Tag: education savings

  • What Is a 529 Plan? A Parent’s Complete Guide to College Savings 2026

    If you have kids, a 529 plan is one of the most powerful tools available for saving for college — and now K-12 and trade school too. Here’s everything you need to know before you open one.

    What Is a 529 Plan?

    A 529 plan is a tax-advantaged savings account specifically designed for education expenses. Named after Section 529 of the Internal Revenue Code, it offers two main benefits: tax-free growth and tax-free withdrawals for qualified education expenses.

    Think of it like a Roth IRA for college. You contribute after-tax money, it grows without being taxed, and you withdraw it tax-free as long as you spend it on qualifying costs.

    Two Types of 529 Plans

    Education Savings Plans are the most common type. You invest money in mutual fund-like portfolios and the balance grows based on market performance. Most families use this type.

    Prepaid Tuition Plans let you lock in today’s tuition rates at participating colleges. These are offered by fewer states and typically apply only to in-state public universities.

    What Can You Use 529 Funds For?

    Qualified expenses include:

    • College tuition and fees
    • Room and board (at the school’s determined cost)
    • Books, supplies, and equipment
    • Computers and internet access (for school)
    • Special needs services
    • K-12 tuition (up to $10,000/year per student)
    • Apprenticeship programs registered with the Department of Labor
    • Student loan repayment (up to $10,000 lifetime per beneficiary)

    Tax Benefits

    529 plans don’t offer a federal tax deduction for contributions. However, 34 states offer a state income tax deduction or credit for contributions to your home state’s plan. Amounts vary by state — some offer deductions of $2,500–$10,000 per year.

    The real tax benefit is the growth. Money invested in a 529 grows without being taxed, and qualified withdrawals are 100% federal tax-free. On a 15–18-year investment horizon, this can mean tens of thousands of dollars in tax savings.

    How Much Should You Save?

    The average cost of four years at a public in-state university in 2026 is roughly $120,000 (including room and board). Private colleges average $240,000 or more.

    A rough rule: save $250–$500/month starting at birth to cover a large portion of public university costs. Use a college savings calculator to personalize your target based on your child’s age and school preferences.
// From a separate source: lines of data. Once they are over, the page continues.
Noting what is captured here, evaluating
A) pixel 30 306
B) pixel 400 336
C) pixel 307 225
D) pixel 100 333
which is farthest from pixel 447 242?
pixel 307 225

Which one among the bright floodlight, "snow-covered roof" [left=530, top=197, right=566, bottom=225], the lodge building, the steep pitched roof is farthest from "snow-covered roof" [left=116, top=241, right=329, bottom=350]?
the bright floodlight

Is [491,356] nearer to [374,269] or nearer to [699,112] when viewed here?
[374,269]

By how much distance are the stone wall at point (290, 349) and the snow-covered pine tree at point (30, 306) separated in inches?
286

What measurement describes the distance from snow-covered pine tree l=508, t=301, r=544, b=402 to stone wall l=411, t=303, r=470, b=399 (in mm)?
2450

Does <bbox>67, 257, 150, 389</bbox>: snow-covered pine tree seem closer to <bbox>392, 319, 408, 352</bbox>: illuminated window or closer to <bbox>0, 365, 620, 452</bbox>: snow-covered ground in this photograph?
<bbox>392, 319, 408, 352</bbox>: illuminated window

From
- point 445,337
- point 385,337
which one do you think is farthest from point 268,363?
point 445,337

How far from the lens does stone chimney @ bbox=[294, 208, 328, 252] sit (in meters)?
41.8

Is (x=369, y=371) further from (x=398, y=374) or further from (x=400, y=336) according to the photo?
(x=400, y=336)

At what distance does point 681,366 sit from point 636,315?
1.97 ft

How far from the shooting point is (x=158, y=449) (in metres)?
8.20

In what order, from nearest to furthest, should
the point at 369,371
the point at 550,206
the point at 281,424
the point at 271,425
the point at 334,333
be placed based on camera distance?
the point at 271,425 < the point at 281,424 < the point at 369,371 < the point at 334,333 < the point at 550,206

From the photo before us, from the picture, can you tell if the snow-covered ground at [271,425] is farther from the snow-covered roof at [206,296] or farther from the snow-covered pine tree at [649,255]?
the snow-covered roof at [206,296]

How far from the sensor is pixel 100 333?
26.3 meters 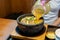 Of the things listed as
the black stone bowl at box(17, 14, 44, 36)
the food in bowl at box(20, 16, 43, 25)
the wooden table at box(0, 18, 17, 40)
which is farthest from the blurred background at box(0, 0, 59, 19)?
the black stone bowl at box(17, 14, 44, 36)

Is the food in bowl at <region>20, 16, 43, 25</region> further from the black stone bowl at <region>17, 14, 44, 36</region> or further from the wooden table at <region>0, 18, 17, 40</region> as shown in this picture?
the wooden table at <region>0, 18, 17, 40</region>

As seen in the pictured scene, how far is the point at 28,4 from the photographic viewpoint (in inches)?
91.9

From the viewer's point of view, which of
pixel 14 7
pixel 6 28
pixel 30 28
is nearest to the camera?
pixel 30 28

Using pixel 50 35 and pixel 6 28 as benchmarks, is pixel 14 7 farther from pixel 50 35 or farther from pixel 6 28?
pixel 50 35

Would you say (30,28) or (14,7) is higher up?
(30,28)

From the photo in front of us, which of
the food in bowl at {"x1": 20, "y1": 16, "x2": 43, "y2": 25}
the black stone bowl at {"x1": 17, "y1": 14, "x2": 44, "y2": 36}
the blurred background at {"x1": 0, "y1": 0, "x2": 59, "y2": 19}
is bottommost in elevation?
the blurred background at {"x1": 0, "y1": 0, "x2": 59, "y2": 19}

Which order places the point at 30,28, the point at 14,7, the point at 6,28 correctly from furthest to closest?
the point at 14,7 < the point at 6,28 < the point at 30,28

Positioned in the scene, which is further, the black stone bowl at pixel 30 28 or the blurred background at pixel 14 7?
the blurred background at pixel 14 7

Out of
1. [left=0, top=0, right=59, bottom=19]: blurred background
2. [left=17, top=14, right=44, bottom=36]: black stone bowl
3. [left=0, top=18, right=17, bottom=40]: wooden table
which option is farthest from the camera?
[left=0, top=0, right=59, bottom=19]: blurred background

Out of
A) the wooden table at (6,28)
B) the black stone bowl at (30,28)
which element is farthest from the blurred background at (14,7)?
the black stone bowl at (30,28)

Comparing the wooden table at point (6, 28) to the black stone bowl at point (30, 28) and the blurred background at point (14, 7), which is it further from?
the blurred background at point (14, 7)

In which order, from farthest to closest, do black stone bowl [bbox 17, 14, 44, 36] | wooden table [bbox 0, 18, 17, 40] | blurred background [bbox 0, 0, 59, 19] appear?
1. blurred background [bbox 0, 0, 59, 19]
2. wooden table [bbox 0, 18, 17, 40]
3. black stone bowl [bbox 17, 14, 44, 36]

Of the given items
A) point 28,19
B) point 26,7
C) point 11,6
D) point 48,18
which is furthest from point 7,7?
point 28,19

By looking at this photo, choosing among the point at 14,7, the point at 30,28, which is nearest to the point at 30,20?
the point at 30,28
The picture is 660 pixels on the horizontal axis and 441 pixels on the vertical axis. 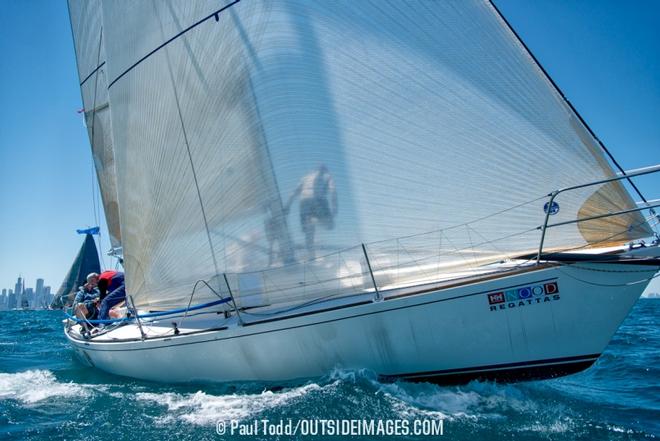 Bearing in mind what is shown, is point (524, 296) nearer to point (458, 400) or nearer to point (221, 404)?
point (458, 400)

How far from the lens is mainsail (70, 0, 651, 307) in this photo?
164 inches

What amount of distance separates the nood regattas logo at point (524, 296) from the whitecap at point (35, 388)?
16.3 ft

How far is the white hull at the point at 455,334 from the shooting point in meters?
3.67

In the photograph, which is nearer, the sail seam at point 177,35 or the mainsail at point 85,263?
the sail seam at point 177,35

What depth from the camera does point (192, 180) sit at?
545 centimetres

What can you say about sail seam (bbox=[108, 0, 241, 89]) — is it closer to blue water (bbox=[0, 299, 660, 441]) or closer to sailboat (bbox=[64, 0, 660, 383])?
sailboat (bbox=[64, 0, 660, 383])

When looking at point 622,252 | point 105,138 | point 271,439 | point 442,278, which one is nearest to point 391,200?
point 442,278

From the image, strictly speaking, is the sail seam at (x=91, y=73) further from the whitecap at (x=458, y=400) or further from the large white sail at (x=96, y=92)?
the whitecap at (x=458, y=400)

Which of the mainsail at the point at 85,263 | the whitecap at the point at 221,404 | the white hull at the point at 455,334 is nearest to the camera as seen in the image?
the white hull at the point at 455,334

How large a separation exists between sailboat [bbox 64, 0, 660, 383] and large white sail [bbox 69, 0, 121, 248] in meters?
3.60

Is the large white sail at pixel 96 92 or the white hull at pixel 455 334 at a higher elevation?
the large white sail at pixel 96 92

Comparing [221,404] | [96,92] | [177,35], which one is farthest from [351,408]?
[96,92]

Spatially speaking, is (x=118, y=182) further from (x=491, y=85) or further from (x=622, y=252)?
(x=622, y=252)

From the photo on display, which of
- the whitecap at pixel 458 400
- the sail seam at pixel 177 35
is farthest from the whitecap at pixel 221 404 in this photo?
the sail seam at pixel 177 35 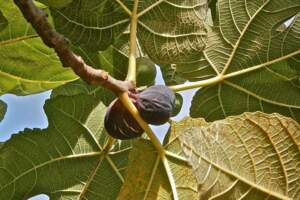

    Investment Options Inside a 529

    Most 529 plans offer age-based portfolios that automatically shift from higher-growth (more stocks) to more conservative (more bonds) as your child approaches college age. This is the easiest approach for most families.

    You can also build a custom allocation from available funds. Look for low-cost index funds — expense ratios matter over a 15-year horizon.

    What If My Child Doesn’t Go to College?

    You have several options:

    • Change the beneficiary to a sibling, parent, or other family member — tax-free
    • Use it for trade school or apprenticeships — many accredited vocational programs qualify
    • Roll over to a Roth IRA — starting in 2024, unused 529 funds can be rolled into a Roth IRA (up to $35,000 lifetime, subject to annual Roth limits, after 15 years of holding)
    • Withdraw the money — you’ll pay income tax plus a 10% penalty on earnings only (not contributions)

    Which State’s 529 Plan Should You Use?

    You can invest in any state’s 529 plan — you don’t have to use your home state’s. However, if your state offers a tax deduction for contributions to its own plan, that’s often worth prioritizing.

    If your state offers no tax benefit, shop for plans with low fees and strong investment options. Utah, Nevada, and New York consistently rank among the best low-cost plans.

    2026 Contribution Rules

    • No annual contribution limit — but contributions are considered gifts for tax purposes
    • Annual gift tax exclusion: $18,000 per person ($36,000 for married couples)
    • Superfunding: you can contribute 5 years’ worth of gifts upfront ($90,000 per person) without gift tax consequences
    • Total account balance limits vary by state, typically $400,000–$550,000

    When Should You Open a 529?

    As early as possible. Even before a child is born, you can open an account naming yourself as beneficiary and change it later. Every year of tax-free compound growth matters. If you start when a child is born vs. age 5, the difference over 18 years at 7% average return is significant.

    Bottom Line

    A 529 plan is one of the smartest financial moves for parents. The tax-free growth, flexible use of funds, and new Roth rollover option make it a low-risk, high-value savings vehicle. Open one, automate contributions, and let compounding do the heavy lifting.